Skip to content

test: wait for readiness instead of sleeping in TestTrivialERS#96

Draft
cursor[bot] wants to merge 1 commit intomainfrom
cursor/vitess-ci-performance-358f
Draft

test: wait for readiness instead of sleeping in TestTrivialERS#96
cursor[bot] wants to merge 1 commit intomainfrom
cursor/vitess-ci-performance-358f

Conversation

@cursor
Copy link

@cursor cursor bot commented Mar 17, 2026

Description

I inspected the latest successful main runs for both unit_test.yml and cluster_endtoend.yml in vitessio/vitess and found the cluster workflow was the real wall-clock bottleneck. In run 23057103687, the slowest job was ers_prs_newfeatures_heavy at about 24m17s, noticeably slower than any job in the latest successful unit-test run.

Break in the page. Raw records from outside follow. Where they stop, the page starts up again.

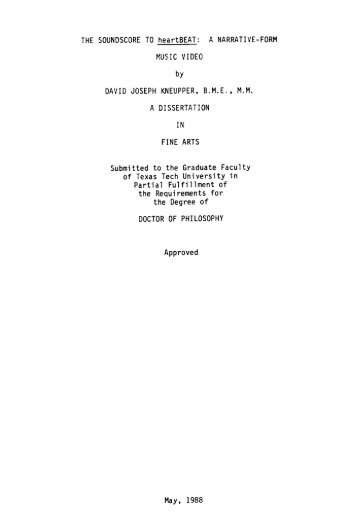 THE SOUNDSCORE TO heartBEAT: A NARRATIVE-FORM MUSIC ...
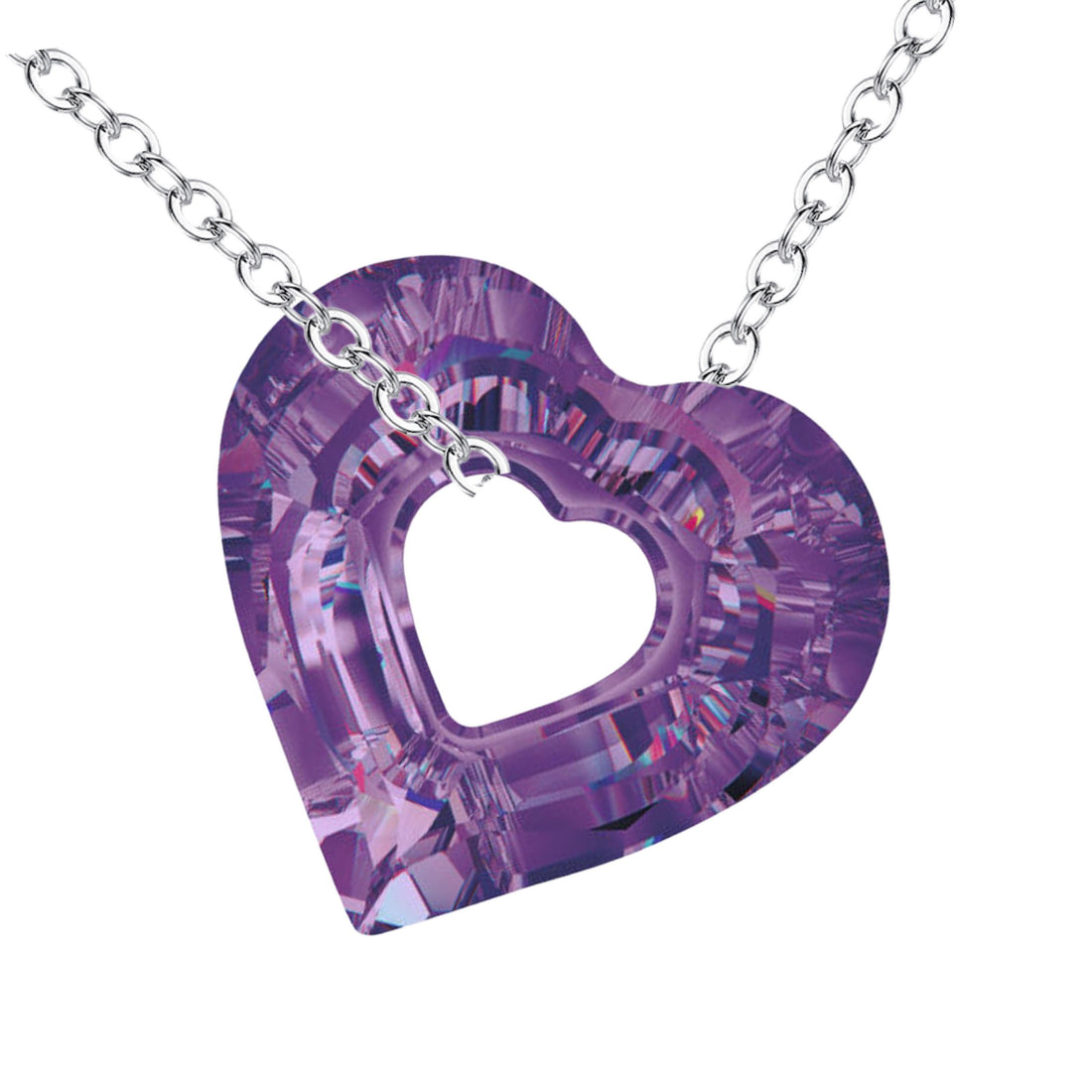 Purple Love Heart Crystal Necklace with tarnish free adjustable chain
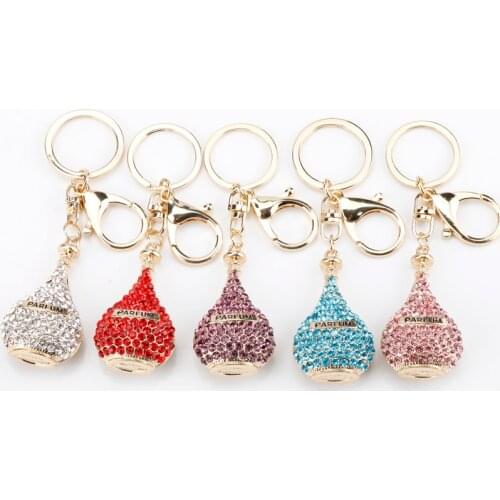 5 Colors Rhinestone Crystal Perfume Bottle Jewelry Waterdrop Shape Pendant Keychain Gifts Car Handbag Key Holder Party Gifts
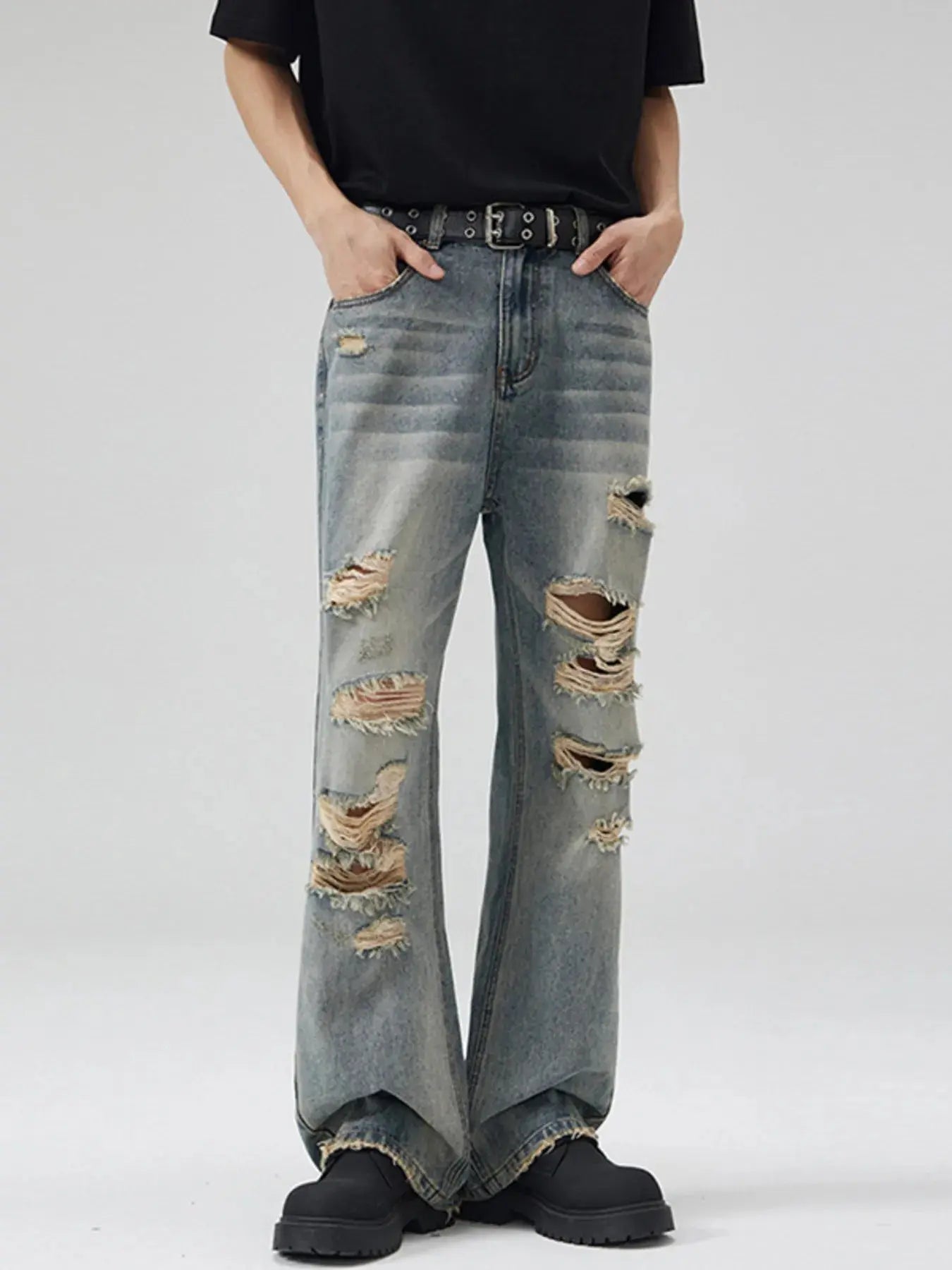 Men's Full Size Distressed Wide Leg Jeans Plus Size Simply Love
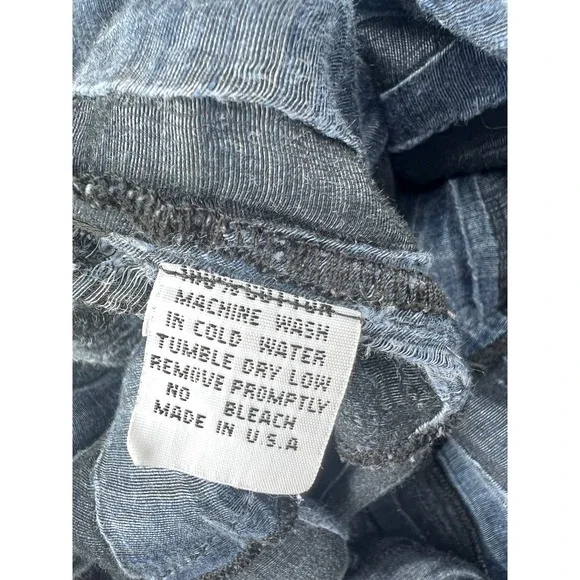 Dress To Kill Blue Striped Cotton Lagenlook Midi Pocket Tank Dress Made USA OS - Picture 7 of 9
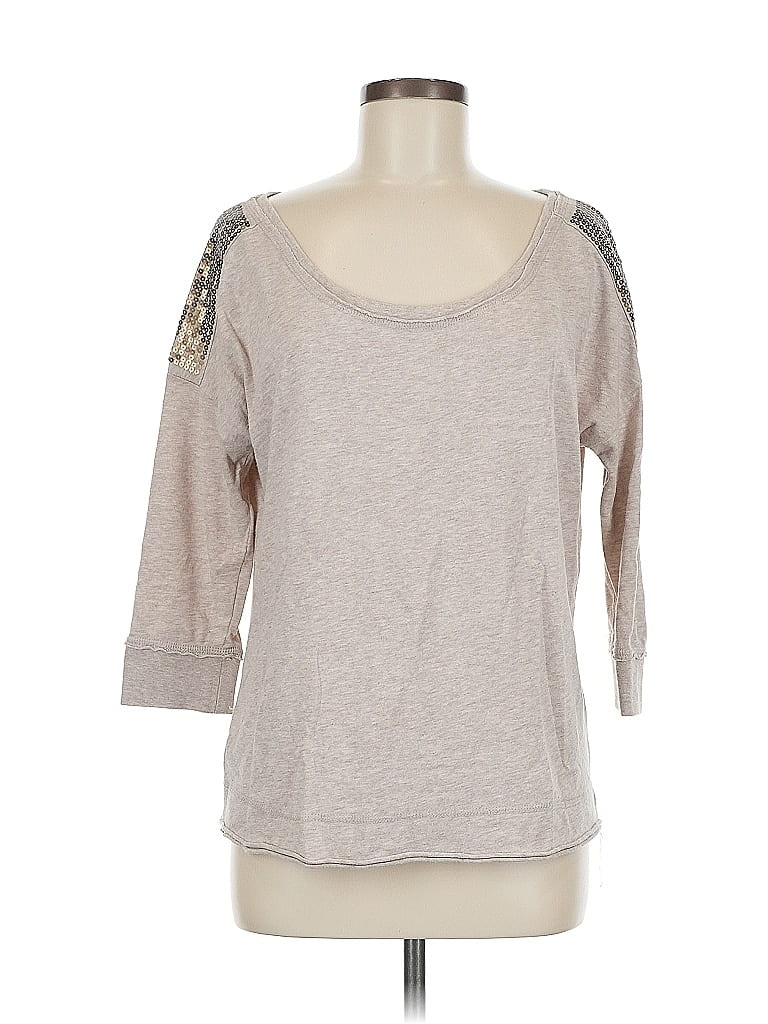 Pre-owned Roxy 3/4 Sleeve Top Tan Scoop Neck Tops In Brown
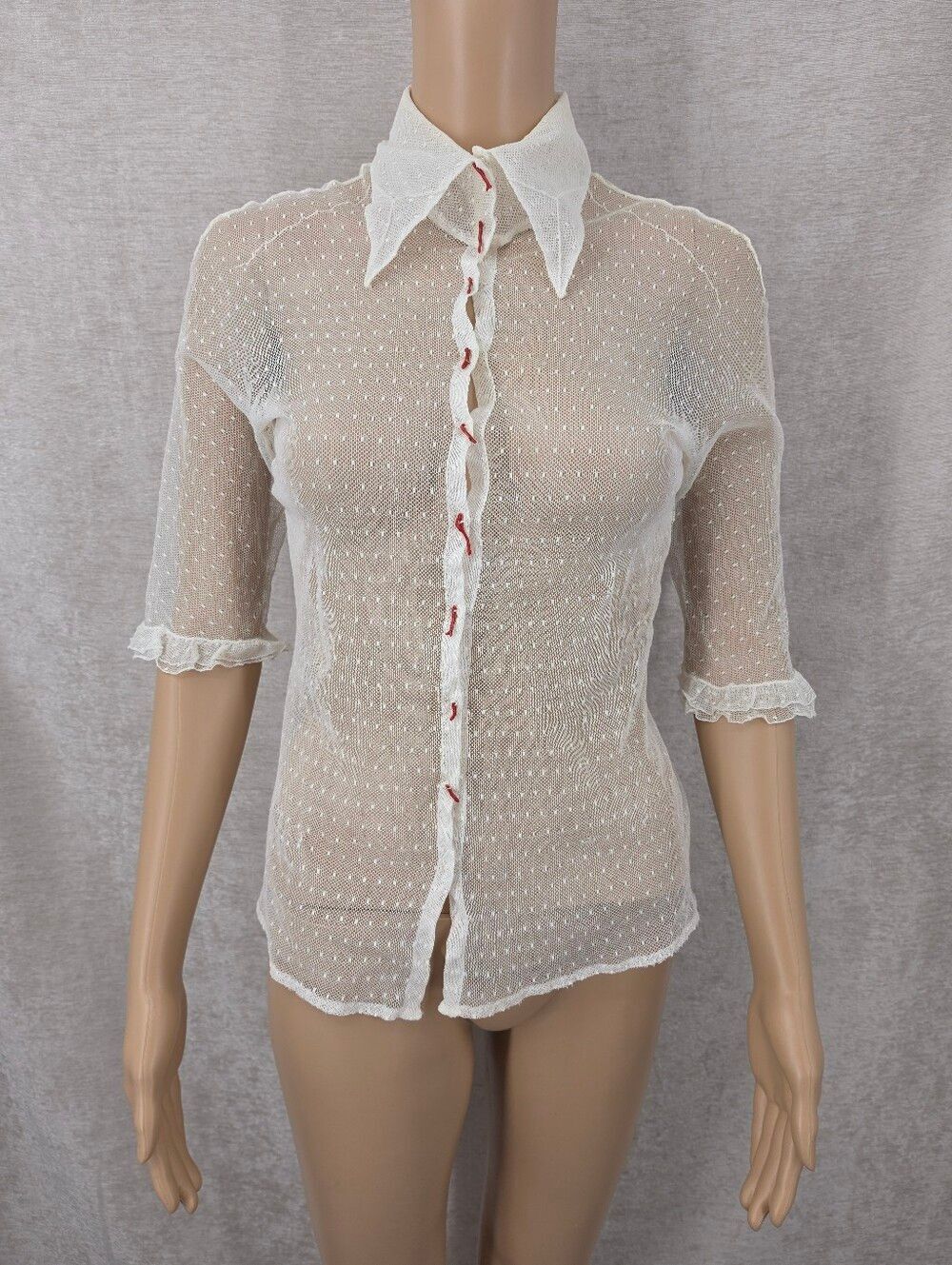 Gianni Versace Couture Vintage Sheer White Dot Lace Mesh Genuine Red Coral Top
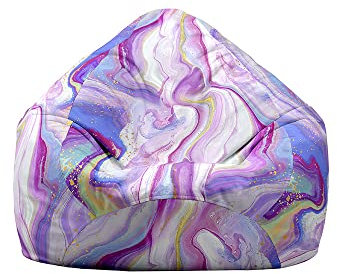 Highdi Kids Bean Bag Chair, Gaming Beanbag Chair Cover Romantic Marble for Indoor Outdoor Bedroom Adult Without Filling Highback Lazy Sofa Soft Toy Storage Bean Bag Seat (100x120cm,Rainbow)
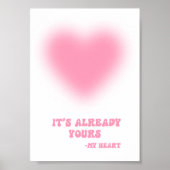 Romantische Coquette Roze Hart Esthetische Print (Voorkant)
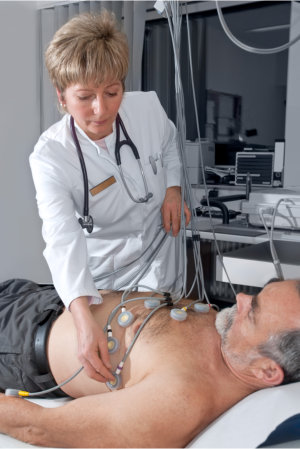 nurse checking the health of an elderly man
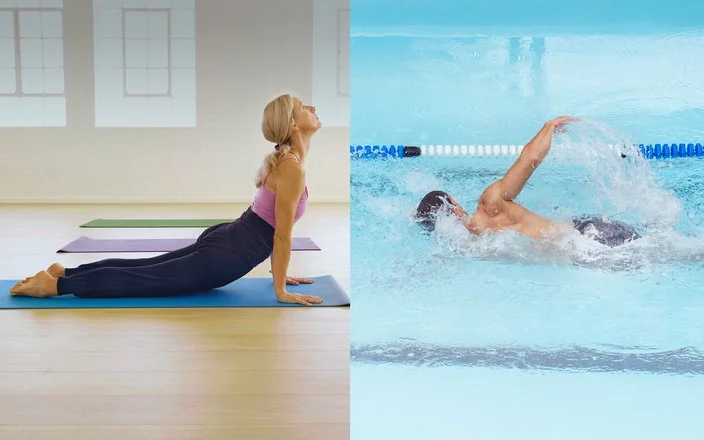 Splitscreen: Ein Mann beim Schwimmen, eine Frau auf der Yoga-Matte
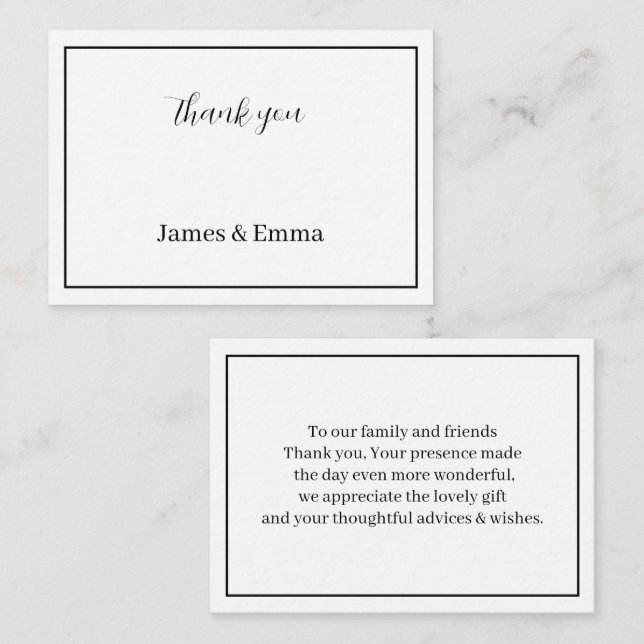 Cartão De Notas Casamento Personalizado Negro E Branco Obrigado (Frente/Verso)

Within that shard, go/test/endtoend/reparent/emergencyreparent was a major contributor at about 8m21s, and TestTrivialERS alone took about 62.97s. The biggest avoidable cost in that test was eight unconditional time.Sleep(5 * time.Second) calls between repeated ERS invocations.

This PR replaces those fixed sleeps with a readiness check that waits for:

  • exactly one healthy primary,
  • a valid topology state, and
  • working replication to all replicas.

That keeps the same end-to-end assertion intact — repeated ERS operations must leave the shard healthy and replicating — while removing idle wait time.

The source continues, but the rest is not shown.